Kay and I took a two day trip to Anza Borrego State Park and a drive around the Salton Sea. For me the highlights of the trip were not birds, but seeing the Colorado Desert in bloom. A desert in bloom is more subtle than seeing the wildflowers of an alpine meadow, but spectacular in it’s own right.
We got a later than planned start so arrived at Anza Borrego in the late morning. We briefly checked the visitor’s center before going to the area near the refuse disposal area looking to find Le Conte’s thrasher. No luck, almost no birds at all. Next we drove up Coyote Canyon where we had lunch, enjoyed seeing the desert in bloom (photos above) and took a very short hike up a trail. Best birding was getting into a flock of maybe 30-40 sparrows. Coolest thing was that at least several were Brewer’s sparrows and they seemed to be competing to see who could outsing the other, and with their “sparrow-that-swallowed-a-canary” song this was amazing. Most seemed to be White-crowned, though we found at least 2 Lincoln’s mixed in.
On the ride out we came across what I initially thought might be Harris’s hawks perched in some dead trees beside the road, but on study of photos after eBird filter alerted me likely a bad call, they were three dark-form Swainson’s hawks, while several more circled overhead. Oddly all the ones circling seemed to be light-form, and all the dark form were perched
We had dinner at the Red Ocotillo (Italian) and then dashed to the Palm Canyon trail near the campground to see what might be out at dusk. We got to see a covey of about 20+ mostly Gambel’s quail, with at least a couple California Quail mixed in. This is one of the few areas both species are found together, intergrades apparently occur, but none we saw looked like this.

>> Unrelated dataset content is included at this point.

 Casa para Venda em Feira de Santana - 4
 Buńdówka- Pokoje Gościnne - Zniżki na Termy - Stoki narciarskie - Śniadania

We stayed at the same place we had used in 2013, the Oasis Inn, low priced at $105./ night for Borrego Springs, and pleasant with a comfortable King bed.
The next morning we were up at dawn, and were on the LeConte’s site as the sun rose, but too much wind greeted us. No thrasher, one Loggerhead shrike flew in low to excite us but the wrong bird, and in nearly 2 hours we could not locate the bird seen the day prior by at least one young birder.
Next to the waste water settling ponds, down a dirt road to the R of the entrance sign to the plant, and searched for a couple of hours for Crissal thrashers that had been seen there yesterday. Not today for us. We did get a couple FOY birds, Phainopepla and Costa’s hummingbird.
Now was decision time, keep up the thrasher hunt or go to the Salton Sea. We decided to roll on and spent the rest of the day driving the only 30+ miles to the south end of the Salton Sea and birding our way around the south end and up the east side. Missed Yellow-footed gull, but saw Abert’s towhee, Black-tailed gnatcatcher, Verdin, and overall had a good day. 13 ABA FOY birds for me on the trip.
Home a bit after 10PM and time to crash.